The illegality of a worker’s employment cannot prevent her from suing an erring employer for race discrimination.

In its ruling in Hounga v Allen and another 30 Jul 2014, the Supreme Court upheld an illegal worker’s claim for race discrimination. The Court reasoned that denying a race discrimination claim may encourage unscrupulous employers to exploit illegal workers who are vulnerable.  

The case of Hounga involves a Nigerian woman who entered UK at age 14 in 2007. She willingly conspired with her UK employers in deceiving British immigration authorities in Nigeria so that she can secure a visitor’s visa and live with her employers as a domestic assistant and attend college later on. When she was dismissed by her employers after 18 months, she filed for racial harassment under the Race Relations Act 1996 (now the Equality Act 2010).

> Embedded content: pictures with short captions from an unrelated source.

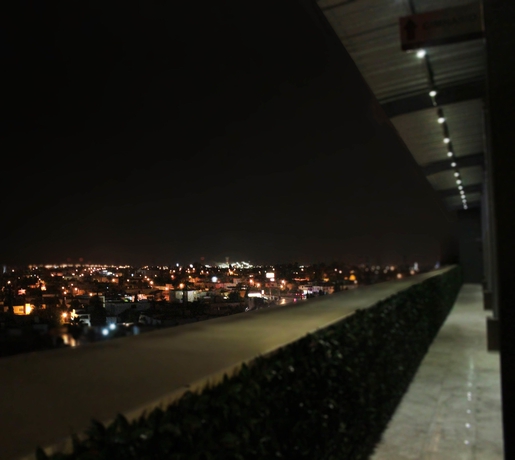Imagen de los exteriores del Hotel Ankara Las Lomas. Foto 7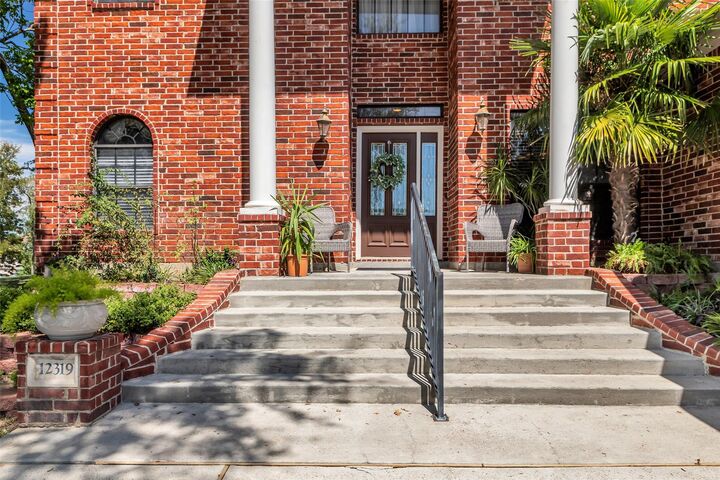 Property Photo:  12319 Pebble View Drive  TX 77304 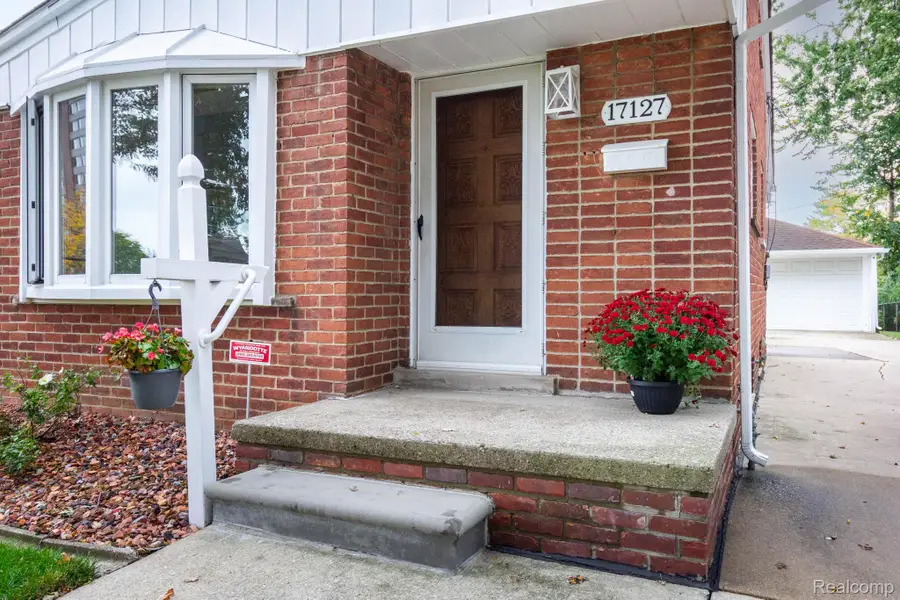 17127 Koester ST, Riverview, MI 48193 - #2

Her claim was rejected by the employment tribunal, Employment Appeal Tribunal and the Court of Appeal because she knew she was working the UK illegally.

But the Supreme Court said it is wrong to deny her claim and remanded the case back to the employment tribunal to determine whether she has established grounds for her discrimination claim. The Court said the illegality of her employment contract has no relation to her claim that she was mistreated by her employers due to her race. The High Court went on to say that her claim should be entertained to discourage employers from thinking they can get away with discriminating against illegal migrant workers.       

In light of the Hounga ruling, HR experts are warning employers to carefully consider their grounds before dismissing an illegal worker because they may not be able to invoke the defence of the illegality of the worker’s employment.

Speaking to HR industry and Magazine “Personnel Today”  , XpertHR employment law editor Kikuyu Thompson commented: “Employers should be mindful of the role of public policy when using the defence of illegality."